# Sandbagged Soundroom?



## sandbag (Aug 2, 2009)

I'm retrofitting a room sharing two interior walls, the ceiling and the slab floor with my residence for use as a HT and listening room. Dimensions are 15' X 16' X 9,' finished with 5/8 gypsum. The ceiling is drywall hung from 2X12 rafters, 16"O/C at the ceiling (and form the floor of master bedroom 3/4" plywood covered w/ closed cell foam/MLV rollgoods, carpet padding and wall to wall carpet). There is only one mechanical connection, through a F/A duct (flex w/ metal boots) running between 2 of the joists, and venting into the bedroom floor (see my proposed fix for this duct). Sidewalls are 5/8" on 2X4 at 16" centers - front wall (video display) shares wall with guest bedroom and closet. Two walls are exterior coated with stucco, each having a 3'X5' window for great ventilation. Fourth wall is shared with the large and unoccupied furnace, waterheater room.

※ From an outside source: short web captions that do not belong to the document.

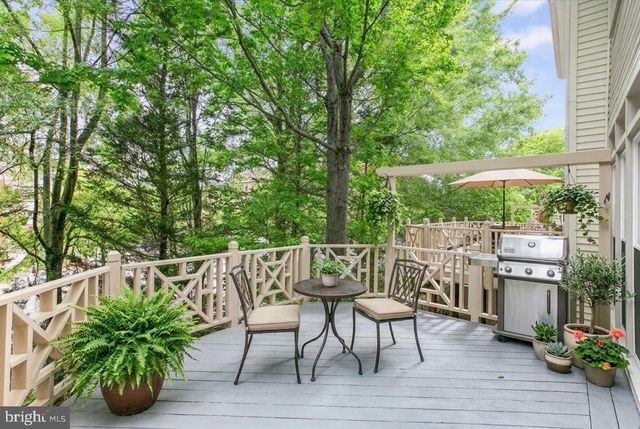 10524 JAMES WREN WAY, Fairfax, VA 22030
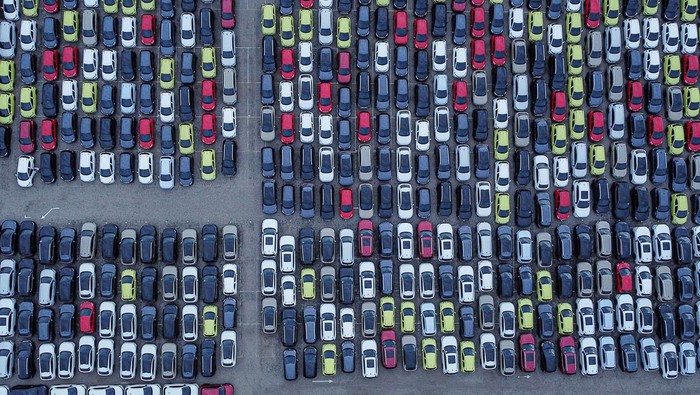 Jurus Biar Harga Mobil Turun: Pajak Diturunkan-Pabrikan Kasih Diskon!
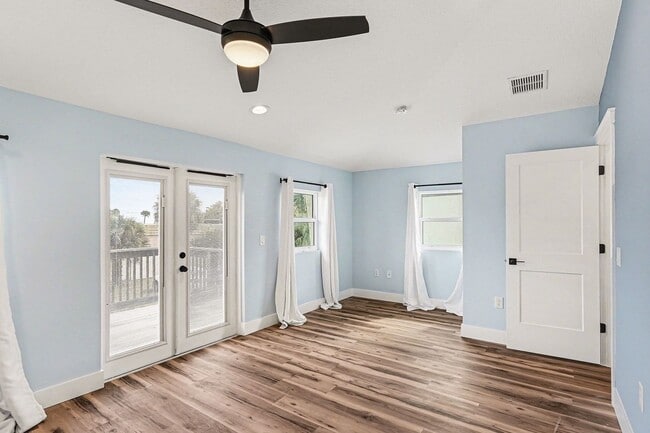 Building Photo - 1280 SR-A1A Unit D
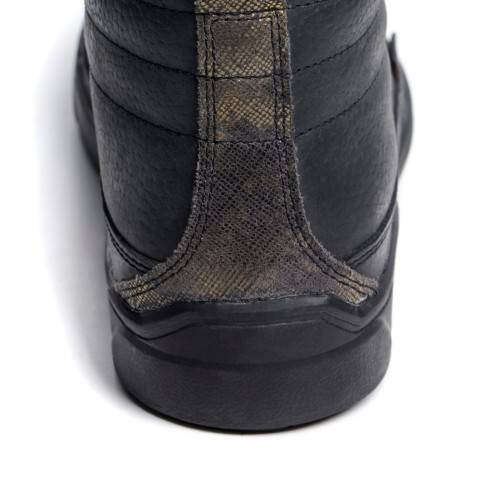 SCARPE DA MOTO STREET 3 LADY WP BLACK/BLACK/GOLD | TCX BOOTS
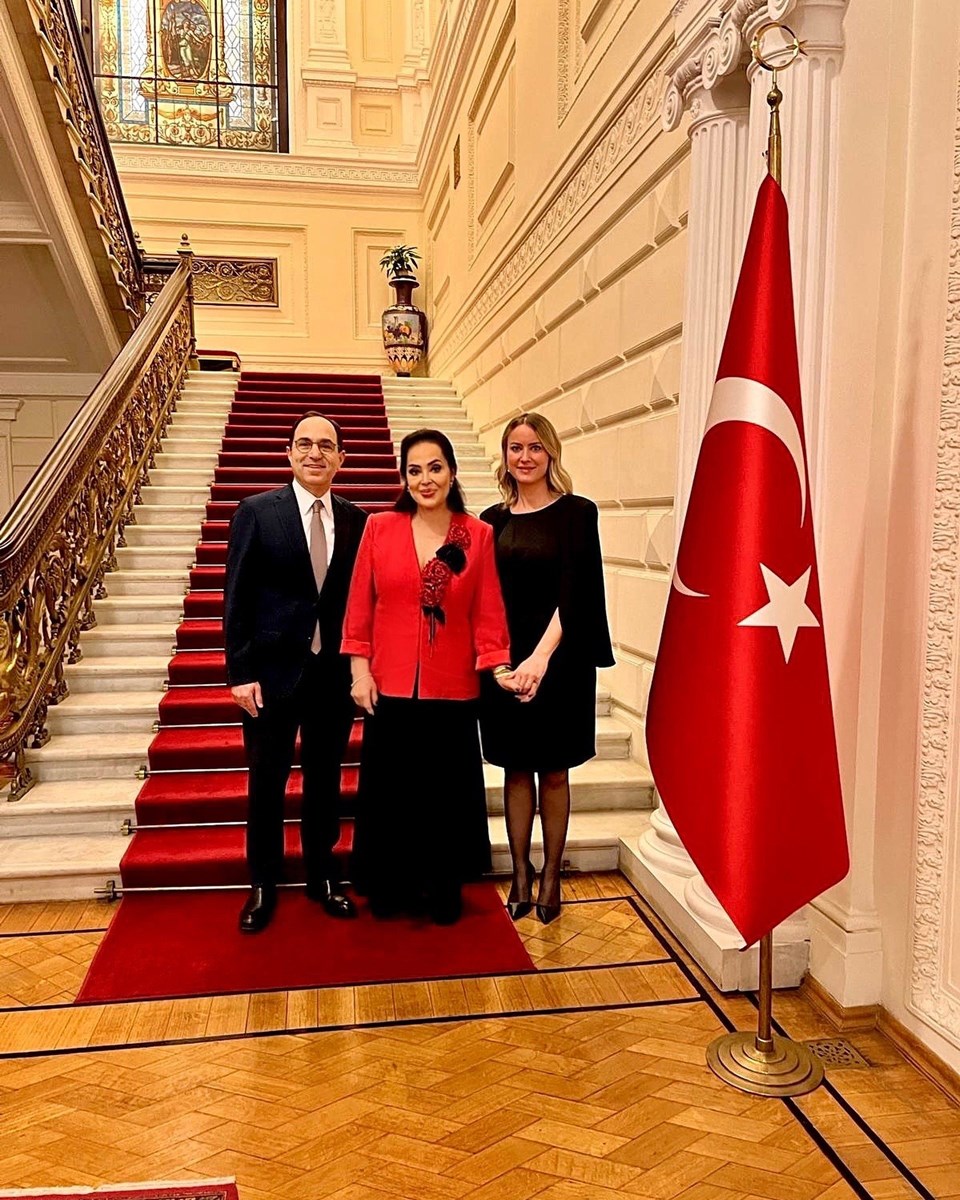 Türkan Şoray'ın Moskova'daki Özel Daveti - Son Dakika Magazin Haberleri Türkan Şoray'a Moskova’da özel davet - 1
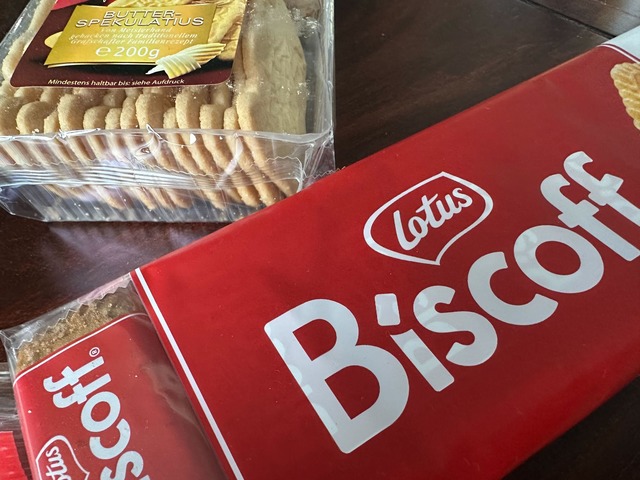 Eine Packung Karamellkekse und eine Pa...? Das ist hier die Frage. (Archivbild)  | Foto: Gregor Tholl/dpa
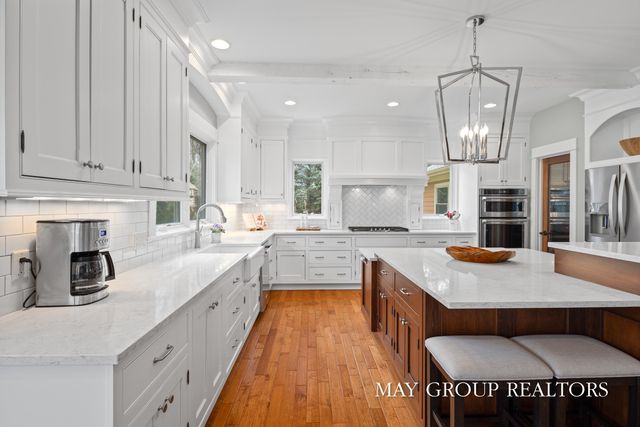 5254 Canyon River Drive NE, Ada, MI 49301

The major problem is low frequency transmission to the master bedroom above and into the guest bedroom sharing a wall with the listening room.

Plans: 
Ceiling - Remove ceiling drywall. Isolate F/A by packing insulation around the duct, covering the metal boots with hmv+ closed cell foam, then adding drywall and MDF to add mass and rigidity to the inside and outside of this 14.5" space. I'm contemplating coating the exposed ceiling plywood with drywall - resilient adhesive, as well as the newly exposed joist surfaces. I plan to leave this currently enclosed space clear to serve as an air pressure plenum linking the airspace around the four sidewalls and ceiling of a new room within a room structure (to be about 13 X 15 X 8.5' interior dimension). 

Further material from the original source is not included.